From: Greg Ercolano <erco@(email surpressed)>
Subject: [SysAdmin/Windows] Getting "ERROR #1398 (has no error message)" intermittently
   Date: Thu, 18 Sep 2008 15:22:40 -0400
Msg# 1779
View Complete Thread (2 articles) | All Threads
Last Next
This problem came up from two different companies within the last month,
so I thought I post the issue / solution here.

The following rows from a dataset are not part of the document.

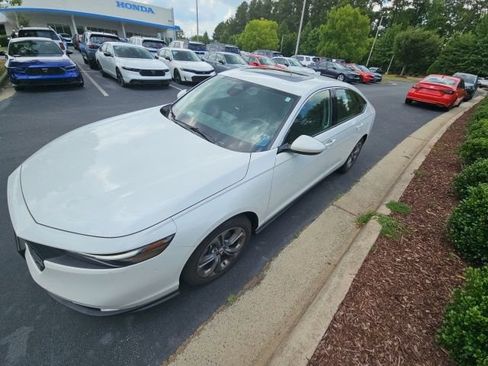 Used 2024 Honda Accord EX image 3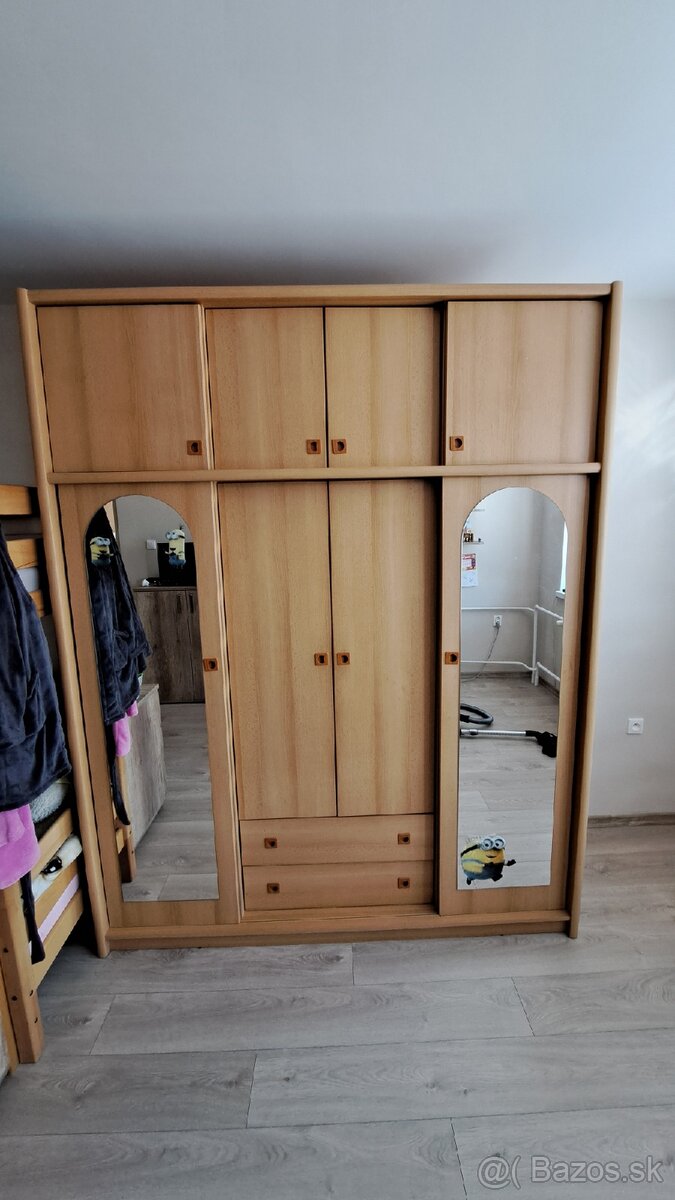 Šatníkova skriňa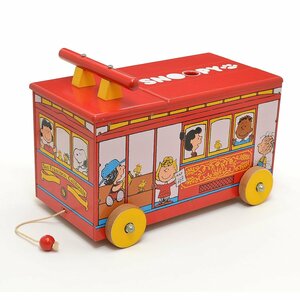 0387341 DETERMINED Snoopy. Wagon ... Vintage 80 period tree box bus America display 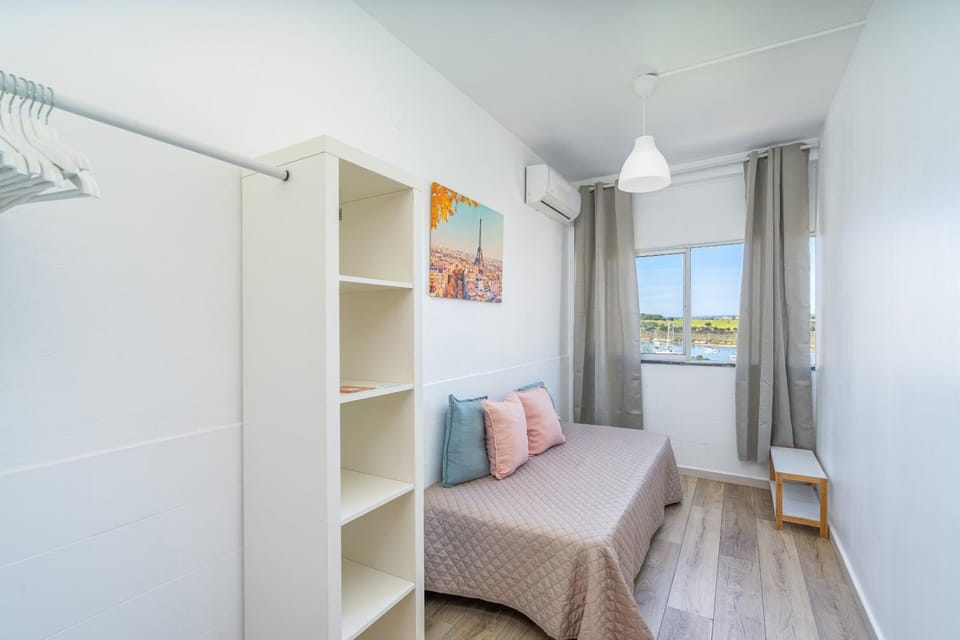 Spring, Bed, People, Winter, Summer, Photo of the whole room, Decorative detail, Decorative detail, Bedroom, Guests, River view, children, older children, group of guests, Family, towels, air conditioner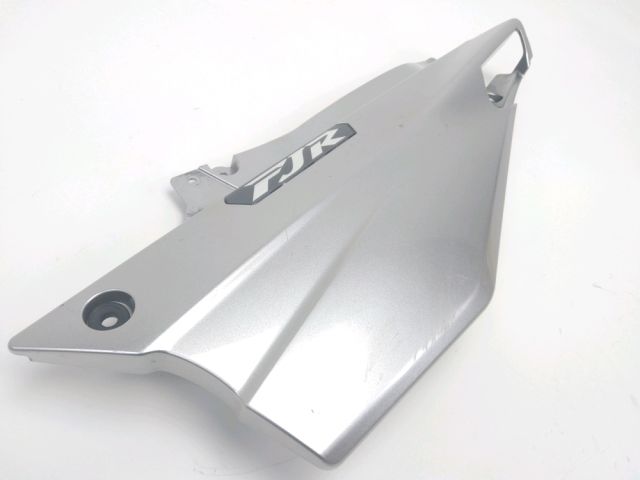 Cache lateral gauche occasion YAMAHA FJR 1300 2006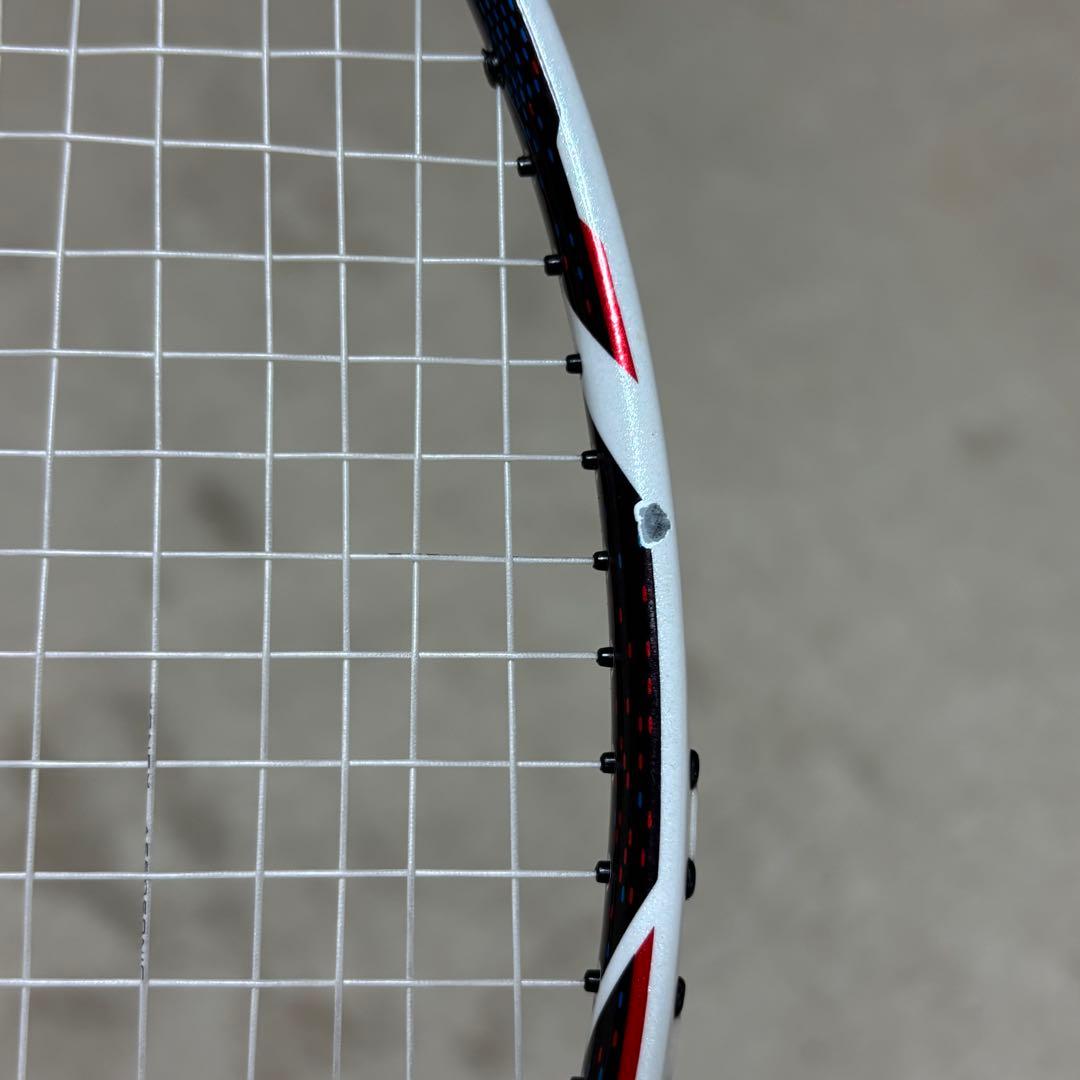 ヨネックス　バドミントンラケット　アークセーバー11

*** Problem: Company #1 ***
> I'm seeing these errors in the rushd.log intermittently:
>
> 08/21,16:06:38 ERROR      //zserver/rush_logs/CMM/3D/logs/fex_007_scn_031): ERROR #1398 (has no error message)
> 08/21,16:06:46 ERROR      //zserver/rush_logs/CMM/3D/logs/fex_003_scn_013): ERROR #1398 (has no error message)
> 08/21,16:06:46 ERROR      //zserver/rush_logs/CMM/3D/logs/fex_003_scn_013): ERROR #1398 (has no error message)
>
> When it happens, it's with our file server running CIFS in guest mode,
> and use Kerberos authentication. Rush is running as a domain user.
> Sometimes it fixes itself after a reboot.
> 
*** Problem: Company #2 ***
> We're intermittently getting these errors in the 'NOTES' field in irush's
> 'Frames' report.. seems to be complaining about the unc path to our BlueArc
> file server:
>
> //rtserver/projects/2008_US_VEH/3D/scenes/interior_fly/veh_mask.ma.log: ERROR #1398 (has no error message).
>
> Rush is configured to run as a domain user, and Kerberos authentication is used
> with our PDC.

*** Response ***

	Error #1398 is a Microsoft filesystem authentication error number
	that translates to:

		"There is a time and/or date difference between the client and server."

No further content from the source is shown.